El mal francés
No es sólo le malaise, como suele decirse, el malestar, sino algo mucho peor porque no se trata de un estado del alma, la melancolía de un poder declinante lo que hoy aqueja a la opinión francesa; sin duda el no en el referéndum sobre la Constitución europea obedecía a variadas motivaciones, desde el soberanismo más cerril al espejismo de una comunidad de izquierdas, pero su base común es un mal de Europa, con poderosas razones para existir. La superestructura de esa grave desazón puede estar alimentada por la antipatía al empirismo anglosajón, a la confianza calvinista en los poderes naturales del mercado; seguramente queda lo bastante de Revolución Francesa para que se mantenga la fe en la ley para la construcción de la realidad, en lugar de dejar a ésta que busque por sí sola el punto de equilibrio; porque ¿qué puede ser la izquierda a comienzos del siglo XXI, sino una creencia en la capacidad del Estado para regular el reparto de las cosas? Pero eso no pasa de ser una excusa, con base real pero insuficiente, para no reconocer otras frustraciones.

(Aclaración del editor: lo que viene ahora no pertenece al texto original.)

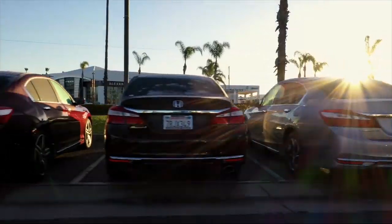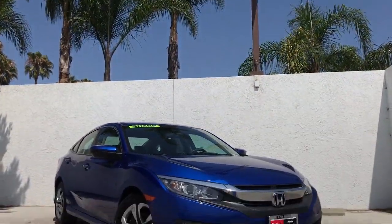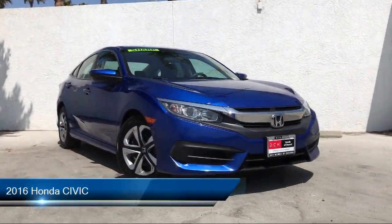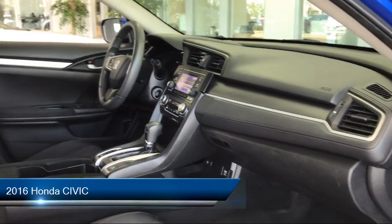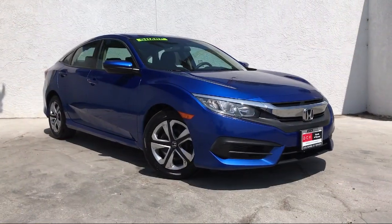Welcome to Honda of Oxnard, your premier destination for purchasing a vehicle. Here's a look at another one of our great vehicles in our inventory. It comes equipped with many standard and optional features and has less than 75,000 miles on the odometer.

Francia, y en menor medida Alemania, necesitaban una Europa manejable y de dimensión apropiada; aquella en la que la pareja fraguada por la victoria aliada en la II Guerra podía no sólo liderar, sino medir, abarcar con su iniciativa exterior y su consistencia económica el resto de la Unión. Y, en cambio, París se encuentra con una accesión de 10 Estados que minimiza la presencia de la lengua francesa, hace la gobernación del conjunto una opción de diván psiquiátrico, y, sobre todo, como ha demostrado la guerra de Irak, que inclina gravemente la balanza en favor de EE UU. Cuando el presidente francés, Jacques Chirac, dijo a los Gobiernos del Este de Europa, que con la Carta de los Ocho anunciaban su alineamiento con Washington ante el conflicto iraquí, que habían perdido una excelente ocasión de callarse, expresaba la misma decepción que ha llevado al triunfo del no. Chirac era un votante del sí, cuyo subconsciente se sentía muy cómodo en los dominios del no.

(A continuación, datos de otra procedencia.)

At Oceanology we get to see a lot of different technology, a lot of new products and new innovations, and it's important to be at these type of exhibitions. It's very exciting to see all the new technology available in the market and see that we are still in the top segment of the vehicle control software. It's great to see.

Francia se siente traicionada por Europa y reclama lo que no puede ser; tanto el repliegue chovinista del xenófobo Le Pen, como el repliegue de una izquierda que se declara más europeísta que la propia Constitución. Y esa protesta, enferma de Europa, se unifica en un aspecto práctico: su actitud contraria al establishment. Todos los medios de comunicación, los líderes políticos a excepción de la tropilla que siguió al socialista Laurent Fabius, y hasta la última de las fuerzas económicas nacionales bombardearon sin cesar al paisanaje con la necesidad de votar que sí. Y ante ello obró, de nuevo, un reflejo tipo Revolución Francesa. ¡Qué mayor placer, qué mayor gesta que la de este súbito Tercer Estado que se rebelaba contra los culottes dorées, con la sola emisión de un sufragio que les daba a todos ellos con Francia en los morros!

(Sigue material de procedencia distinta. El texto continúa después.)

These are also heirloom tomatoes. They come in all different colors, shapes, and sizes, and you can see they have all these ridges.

Junto al francés, el no de Holanda tiene poca historia. Demasiados inmigrantes que no se pliegan al modo de vida neerlandés; una calle de repente bronca y atezada. Pero es el síntoma de una grogne que amenaza con hacer metástasis continental. En Dinamarca progresa el no; en el Reino Unido, con alivio, dan por muerta la Constitución; la Europa del Este puede empezar a interrogarse sobre si lo mejor es dar gusto a Estados Unidos, olvidándose de querer demasiada Unión Europea; e incluso España no parece tan ejemplar, si recordamos que sólo votó el 42% de su electorado. El mal francés no es exportable porque sus razones son genuinamente hexagonales, pero sí contagioso, aunque se base en cada caso en patologías diferentes.
Francia teme su inmersión en una Europa múltiplo de sí misma en la que no se respeten las jerarquías históricas; en la que para dar un paso haya que votar una docena de veces sí con el pie derecho o el izquierdo; en la que el turco haga su ingreso, cargado de maletas de cartón y un billete para el Oeste, además de sabedor de que su alianza fundamental siempre habrá de ser la norteamericana. Pierre Bourdieu dijo en una ocasión a EL PAÍS que países como Francia o España querían construir Europa para volver a ser imperio y contar en el mundo. Pero, hoy, Francia parece creer que ése era el camino equivocado.